In many hospitals, patients who are not critically ill may have to sit in waiting rooms before a doctor can see them. They may also be instructed to put on a disposable mask if they are coughing to prevent the spread of germs. Margaret Frey, another professor in the department, said she is conducting research into making this process more efficient and less time-consuming.

Frey said that when properly engineered, certain fibers in the masks could be used to capture bacteria for sampling and make diagnosis easier for doctors and patients.

“Instead of having a swab rammed down your throat, they could just analyze the mask to see what illness you have,” she said. “Then it makes your time sitting in the waiting room actually useful, and you can avoid any personal discomfort.”

Thermochromic pigments or polymers can be applied to a fabric, and change color with temperature. This effect is being applied to activewear and being used to gauge the body’s temperature change. This is a feature that may be very useful for tracking athletes who may be exercising to a point of physical exhaustion. Eric Beaudette said he is focusing on this topic for a project team, along with Sarah Meyers (’16) and Ariana Levitt (’15) for the upcoming fashion show.

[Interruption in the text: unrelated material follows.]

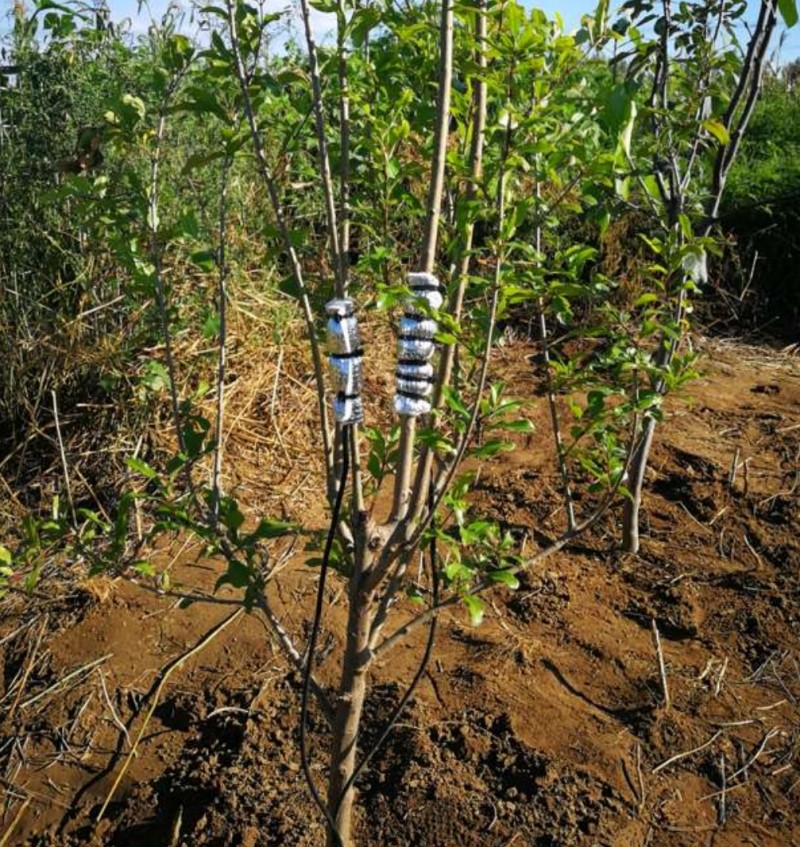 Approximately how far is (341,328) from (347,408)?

“The fabric with thermochromic pigment will undergo color changes at specific temperature levels,” Beaudette said. “We are experimenting to have the highest level signify physical exhaustion, where one should stop exercising, and our biggest challenge of changing patterns of two anatomical designs in earlier levels, which we are still experimenting with.”

Cornell is not the only school interested in this field of research. North Carolina State University was founded as a school of textiles in 1887, and today its College of Textile Engineering, Chemistry and Science is still one of the leaders in the field of fiber science.

But the textile industry also has a dark side. Each year, students are taken to India to see conditions in manufacturing centers and production facilities, as well as pollution caused by the fiber industry.

Hinestroza said that remaining environmentally conscious is important to the department as well.

“There are some places [in India and China] where you can guess what color is in fashion in the U.S. or in France just by the color of the river – this is the river people drink from,” he said.

The department is working on fibers that can mitigate these issues by straining toxins out of liquids, Hinestroza said. This could even be done by re-engineering denim products with certain chemical treatments.

“I’d like to see a cycle in this,” Hinestroza said. “You contaminate while making the jeans, and now you can use your old jeans to clean up the water.”